UK – The Association of Consulting Actuaries says smaller UK pension schemes have increased their holding of bonds over equities.

“In the main, schemes have increased their holding of bonds at the expense of equities,” the ACA said in the ‘2004 Smaller Firms Pensions Survey: a Divided Nation’.

The survey, the ACA’s fourth, also found that 37% of defined benefit schemes have changed their overall asset allocation over the last two years. “It is perhaps surprising that not more have reported such a change,” the ACA said.

And it said it is “surprising” that only 22% of smaller pension funds have changed their fund managers in the last two years.

“At a time when investment performance is of particular importance it is also surprising that only just over on fifth of schemes have changed their fund manager(s) over the same period.”

The ACA found that under a third of scheme trustees had taken any positive action in response to the Myners Report.
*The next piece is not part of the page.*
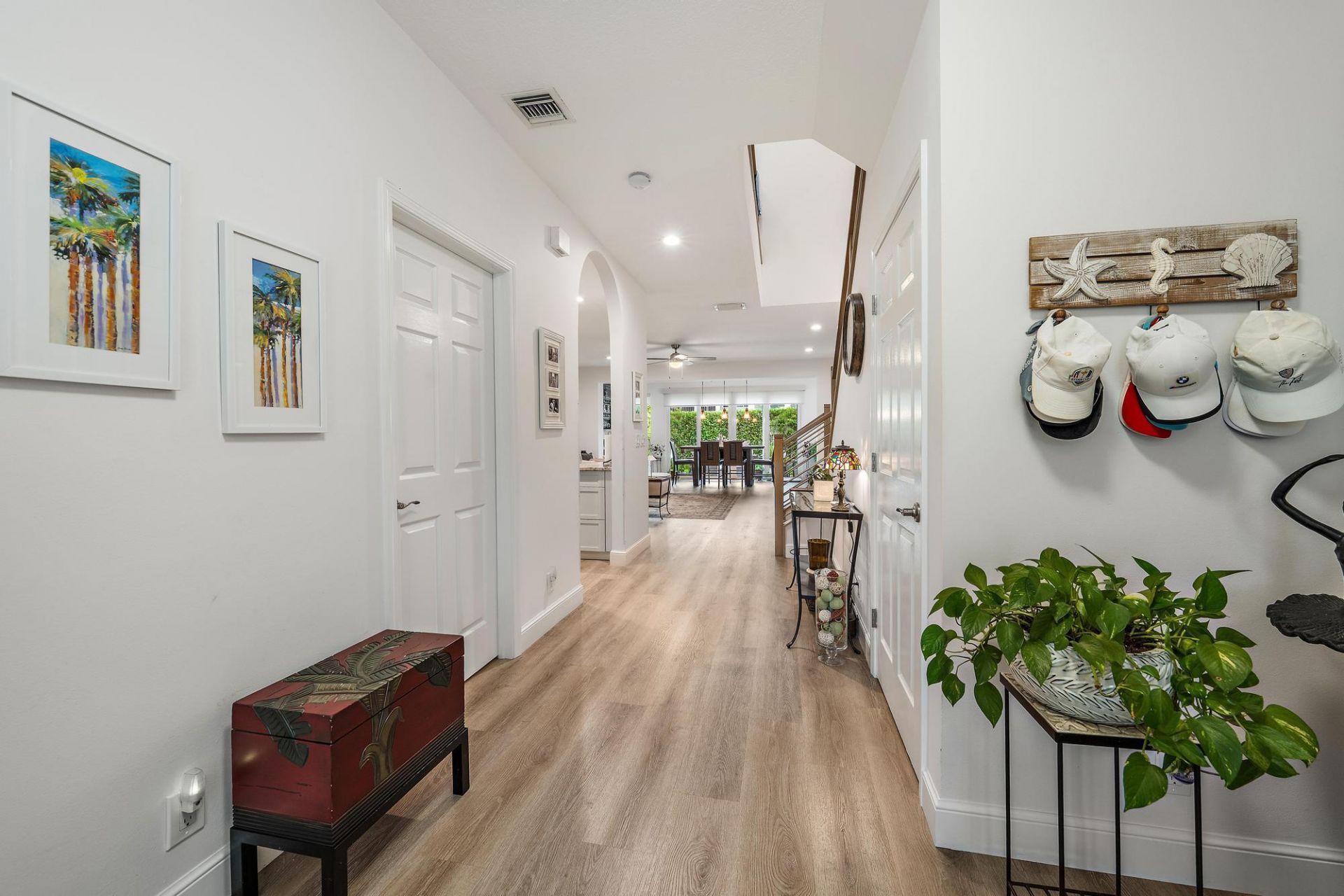 1000 Us-1, Unit 753, Jupiter, FL 33477 Photo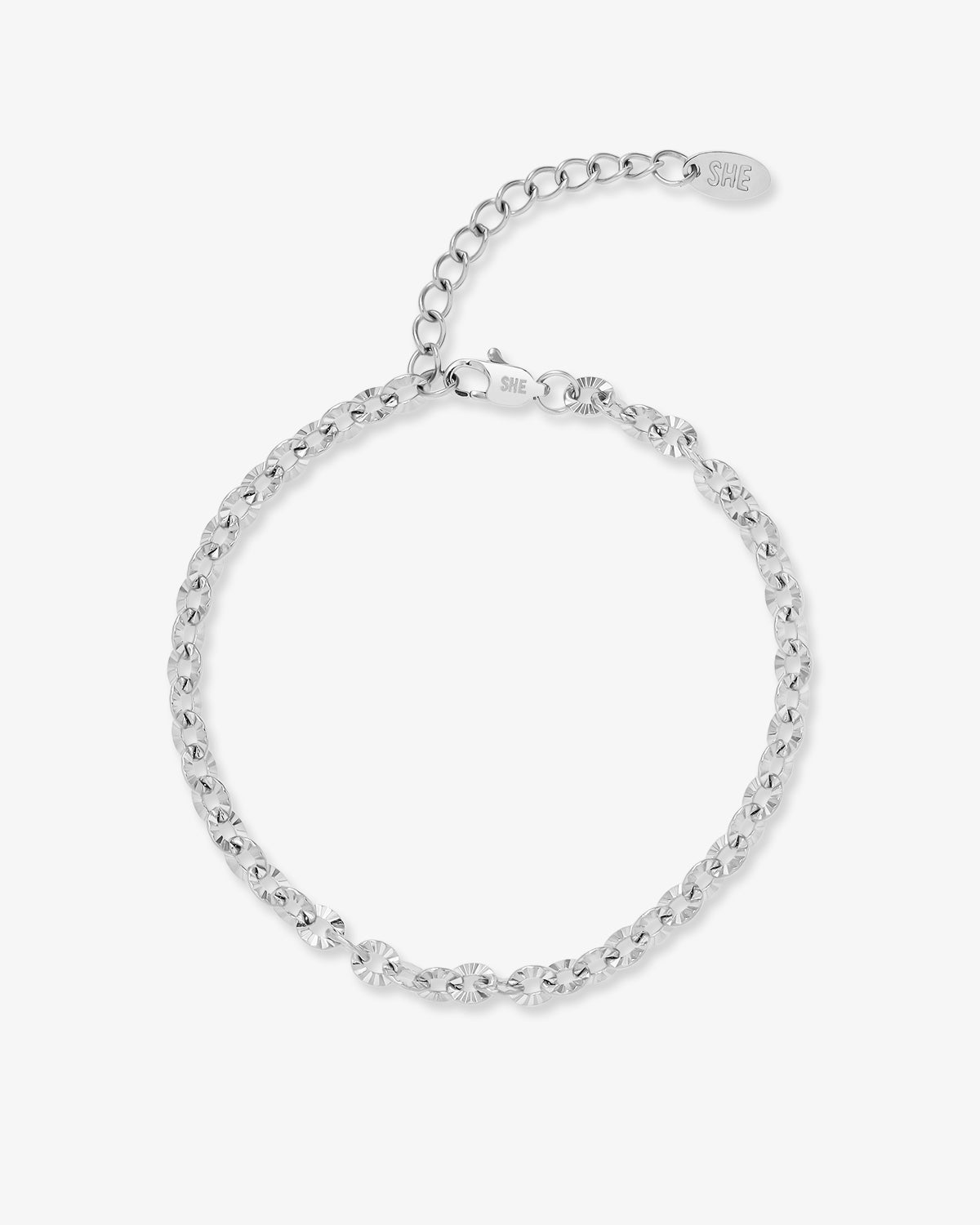 Sprinkle Bracelet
It said: “In part this might reflect the different pressures on smaller schemes to change, but it might also reflect a reality that such schemes and their trustees do not have the same amount of time to consider such non-core issues. Others will feel they already comply with the principles.”

It added: “Over three-quarters of firms say the new ‘knowledge and understanding requirement’ placed on trustees will deter individuals from wishing to be trustees.”

Amongst other findings, 75% of defined benefit schemes have been recommended by their actuary to increase contributions because the scheme is in deficit – and that more than one third have raised employee contributions.

The ACA also found that support for the planned Pension Protection Fund has risen to eight out of 10 funds.

“Overall, the picture we see is of a ‘divided nation’ in pensions, with those fortunate enough to be covered by defined benefit schemes – an increasing number of public sector workers and those private sector firms able and willing to bear the costs and liabilities – enjoying greater certainty over their pension future,” said ACA chairman Gordon Pollock.

The survey was conducted between September 2003 and March 2004 and had 459 responses from firms with 250 staff or less.